Elea pergi mandi dan bersiap untuk pergi kuliah, lalu ia turun dan bertemu dengan ibunya di meja makan. Dengan santainya Elea duduk, seakan tak terjadi apa-apa kemarin. Elea memperlihatkan ekspresi wajah dengan senyuman, meski orang biasa sekalipun yang melihatnya bisa memahami bahwa senyuman Elea adalah buatan.


Tapi, bagaimana bisa Elea yang kemarin sangat syok hari ini sudah biasa-biasa saja, kemarin dia sangat terpukul sekarang sudah seperti tidak terjadi apa-apa. Ya, itulah kelebihan Elea yang sangat pandai merubah suasana hati dan bisa menyembunyikan banyak hal menyakitkan sendiri. Oleh karena itu, seluruh keluarganya yakin bahwa Elea bisa menghadapi semua kesulitannya dengan enteng.
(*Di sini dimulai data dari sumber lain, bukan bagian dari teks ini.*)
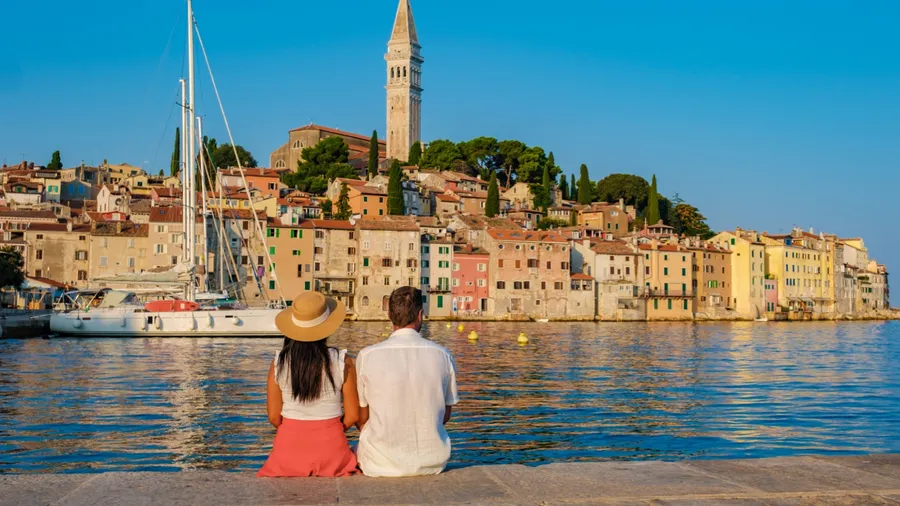 As the sun begins to set, a couple sits by the calm waters in Rovinj, Croatia, admiring the vibrant buildings and reflecting on the day's adventures. A sailboat adds to the picturesque backdrop.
"Sudah bangun?" tanya sang ibu basa-basi.


"Sudah" Elea masih setia dengan senyum palsunya.


Melihat senyum palsu itu sang ibu tak ingin mengungkit hal kemarin, padahal ia sangat ingin tahu apa yang terjadi sebenarnya.


"Emm.. ayah mana?" tanya Elea karena sedari tadi ia tak melihat ayahnya.


"Ayahmu pergi tadi, katanya ada urusan mendadak" jawab sang ibu dengan santainya, namun tampak seperti menyembunyikan sesuatu dan disadari oleh Elea.


"Ohh..... Bu, nanti selesai kuliah aku tidak langsung pulang ya, ada urusan sedikit" ucap Elea yang sebenarnya ingin meminta izin.


"Iya, nak. Hati-hati ya, jangan keluyuran terlalu jauh, pulanglah sebelum matahari terbenam" kata ibunya dengan rasa khawatir untuk melepas putrinya disaat-saat seperti ini.